Provide students with markers, post-it notes, index cards, paper, tape, popsicle sticks, clipboards, dice, and basically anything you can think of to encourage them to use their emerging literacy and numeracy skills. Index cards and popsicle sticks make wonderful signs for a building project or hockey arena, for example. Clipboards and notepads are perfect for taking orders in the classroom restaurant. Pricing objects in a grocery store by printing numbers on sticky notes is wonderful practice.
I always like to provide blank stapled booklets so students can create their own books as a play option. Some kids will spend hours doing just that. Make sure you support them with a very simple word wall and great books to spark their imaginations—the Pigeon books by Mo Willems coupled with some You Tube drawing tutorials of the pigeon and the duckling led to amazing and spontaneous student writing in my K classroom and Leah’s Grade 1 classroom.
In my kindergarten classroom, I have an Independence Station full of materials that the students are free to use independently (after some instruction)--stapler, tape dispenser, pencils, erasers, markers, pens, paper, etc. Having the materials accessible saves you the hassle of kids asking permission and gives them an appropriate level of responsibility.
Involve students in the development of play activities.
When it is clear that we need a new dramatic play activity in the classroom (maybe I observe they are bored), the students help me develop a plan for it. Together we brainstorm ideas, sometimes voting on what the new dramatic play activity should be. Voting offers opportunity for graphing, one-to-one correspondence, counting, printing numerals, and comparing.
Once the dramatic play activity is chosen, we use shared writing to draft a list of the supplies we need. This offers a wealth of rich literacy learning:
-how to make a list (writing genre)
-initial, medial, final sounds as we spell words
-stretching words out to hear sounds
-syllables in words
-spaces between words
-students can share the pen with the teacher with the teacher printing the more difficult parts (otherwise it takes forever and everyone gets tired of it)

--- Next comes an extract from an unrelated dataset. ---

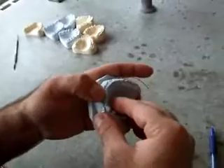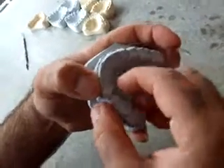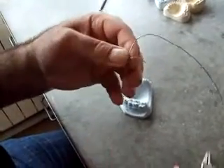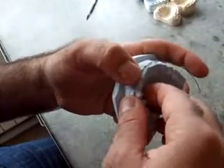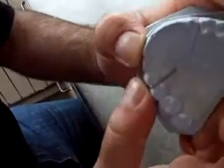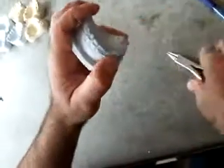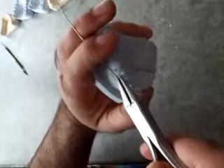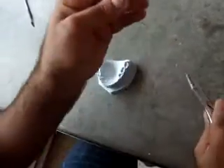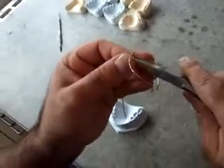Now we check. Then we continue to the other side, the same as we did on the first side — to the middle of the canine, make a 90-degree bend, then do a loop to the same level as the first one.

|This pizza restaurant was the students' idea and provided many rich opportunities for literacy and numeracy,|
Teach mini-lessons that extend play-based learning.

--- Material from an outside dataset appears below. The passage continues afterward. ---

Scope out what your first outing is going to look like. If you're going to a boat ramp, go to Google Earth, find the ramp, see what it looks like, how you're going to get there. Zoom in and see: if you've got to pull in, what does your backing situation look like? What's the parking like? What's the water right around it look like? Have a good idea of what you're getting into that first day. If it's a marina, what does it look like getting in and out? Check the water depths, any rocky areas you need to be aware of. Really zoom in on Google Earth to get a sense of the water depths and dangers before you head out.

If it is a restaurant, we might work together to create menus, captioning pictures of what the restaurant serves. Or, I might teach them how a server would take an order in a restaurant or how a chef would write a recipe. The opportunities are endless and directly linked to kindergarten and Grade 1 outcomes.
Check out the following examples:
Shopping for Learning
And lastly...a pitfall to avoid
Observe play carefully and use it to inform your instructional decisions.
-choose one child to observe per session of play
-take notes and collect samples of learning (photographs, voice recordings, etc)
-what do you see? Is there an evident need that could be addressed with a small group literacy/numeracy lesson or a whole-class learning experience?
-do you observe a strong interest that could be developed into a class inquiry or project-based learning? What fascinates your students and what themes emerge repeatedly in their play?
Consider "play planning", especially for your Grade 1 students.
It's a fantastic literacy activity and develops your students' abilities to develop, record, and follow a plan. I like to add a reflective component as well following play time. Learn more here.
Don’t make play available to your Grade 1 students only when they are done their “work”. This results in many of the kids who need play the most being denied precious minutes of learning, and creates a mindset that play is a break from learning/real work. Play is the work of the child and there should be equal access to play for ALL children in your classroom.